Records from a data source —
*** Begin section ***
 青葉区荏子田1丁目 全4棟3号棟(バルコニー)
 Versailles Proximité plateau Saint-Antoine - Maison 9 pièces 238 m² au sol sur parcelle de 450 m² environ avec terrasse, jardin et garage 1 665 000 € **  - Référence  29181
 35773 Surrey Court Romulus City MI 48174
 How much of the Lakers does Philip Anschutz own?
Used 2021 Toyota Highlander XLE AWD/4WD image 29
*** End section ***
*** Begin section ***
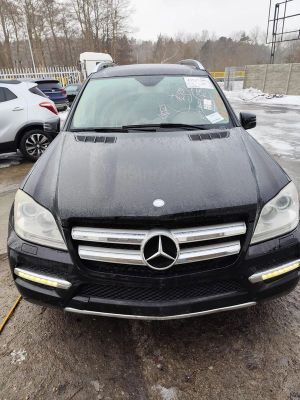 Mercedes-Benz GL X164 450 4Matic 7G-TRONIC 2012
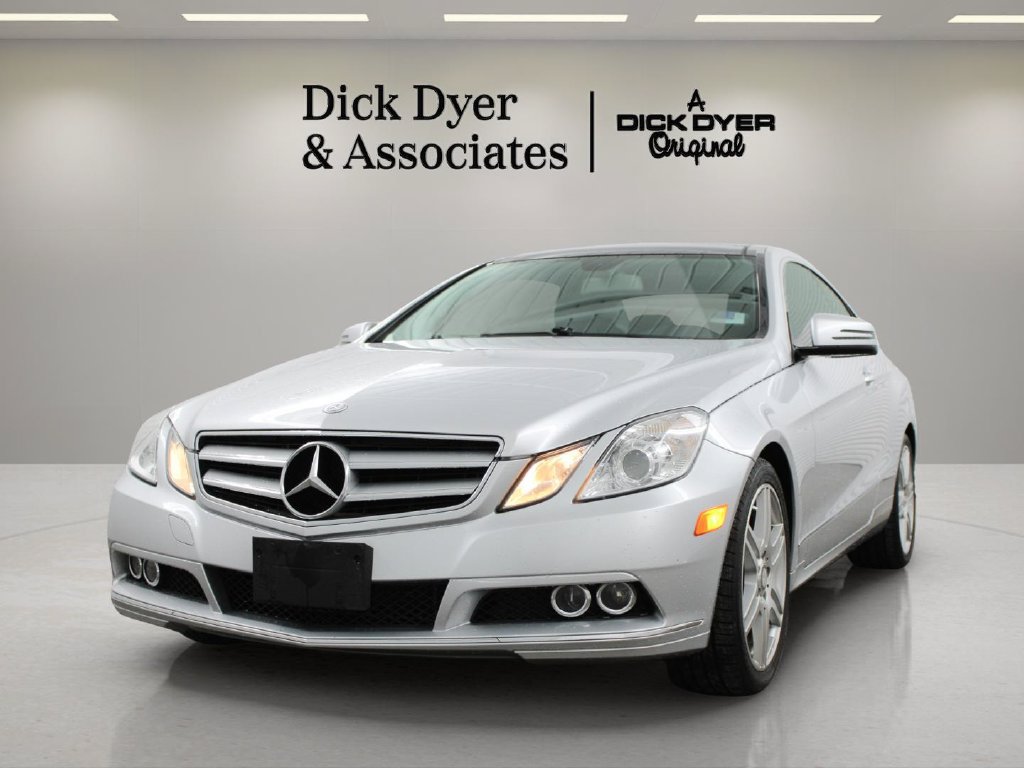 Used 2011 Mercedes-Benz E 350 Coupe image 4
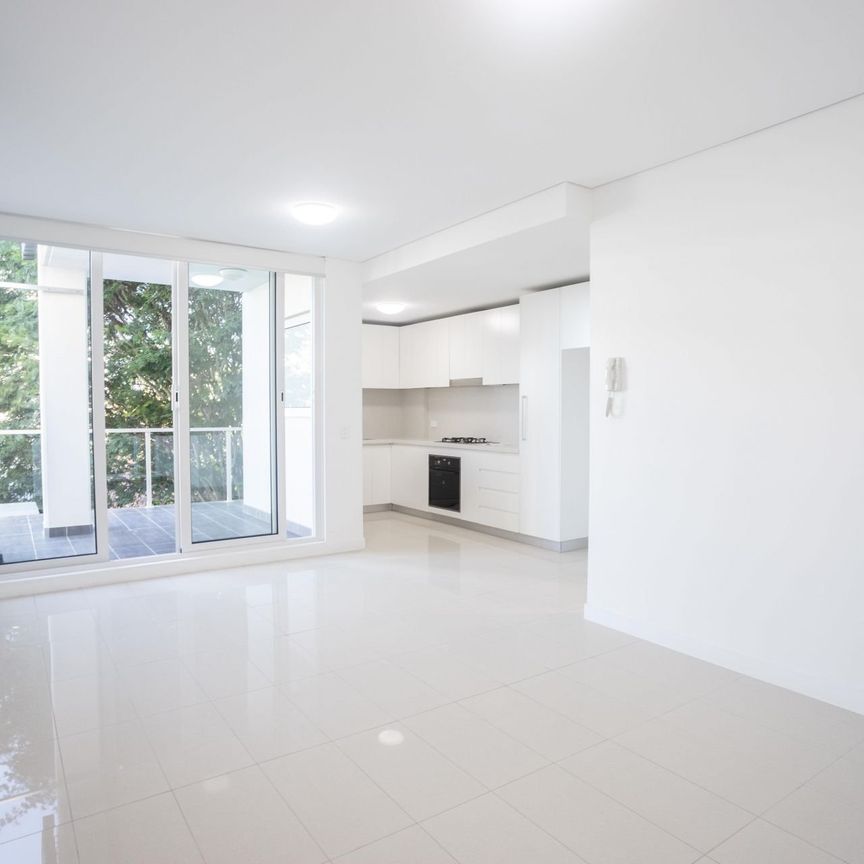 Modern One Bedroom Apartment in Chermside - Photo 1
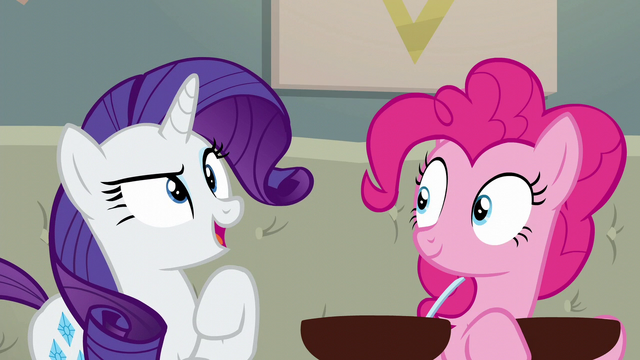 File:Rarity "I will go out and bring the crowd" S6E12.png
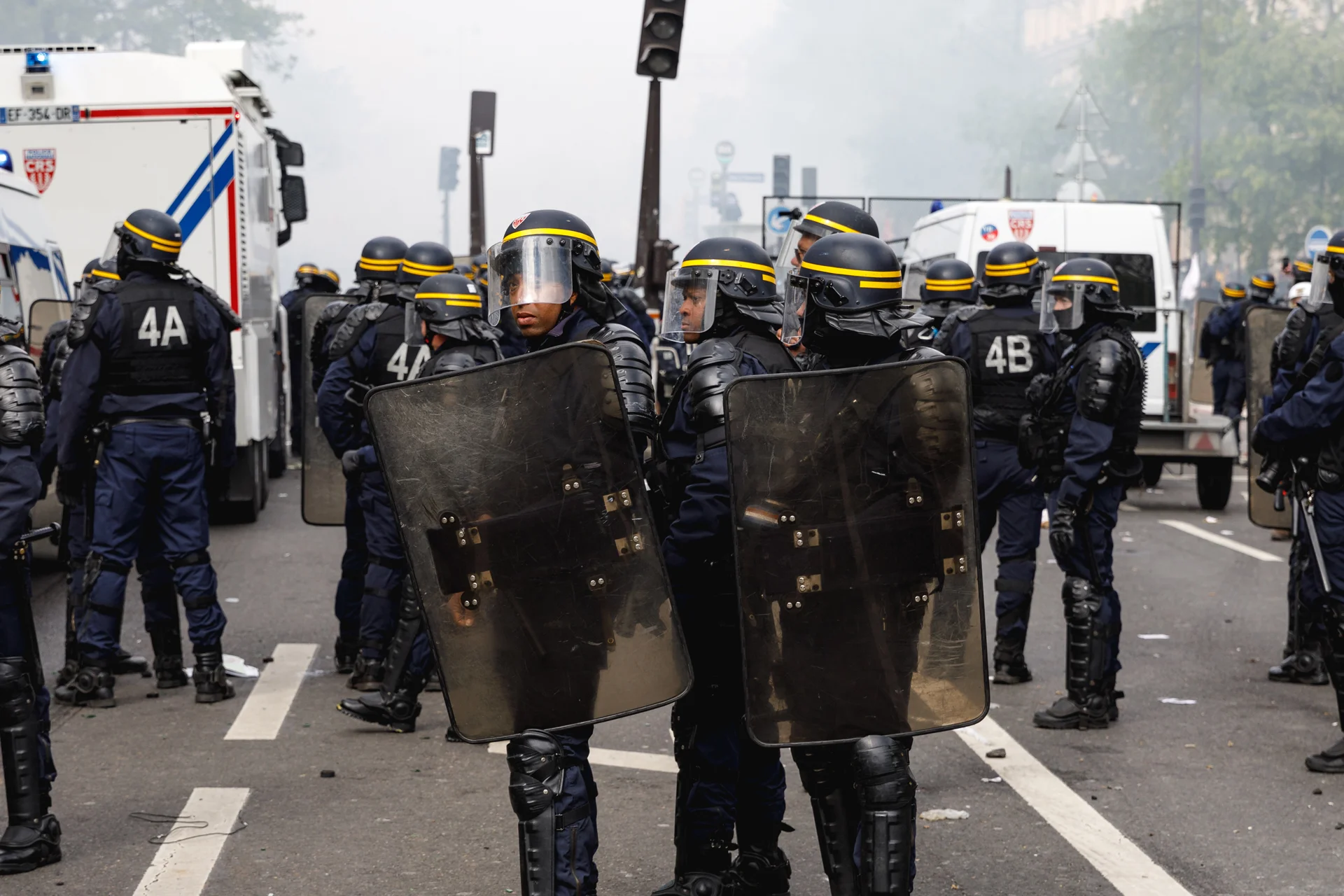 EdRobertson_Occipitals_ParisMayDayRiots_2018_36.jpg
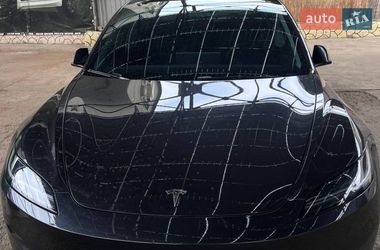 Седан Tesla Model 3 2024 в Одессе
*** End section ***
Problem requirements —
Your answer should consist of the lines from the line with "How much of" to the line with "Used 2021 Toyota" above, repeated exactly, both ends included.

Answer space —
 How much of the Lakers does Philip Anschutz own?
Used 2021 Toyota Highlander XLE AWD/4WD image 29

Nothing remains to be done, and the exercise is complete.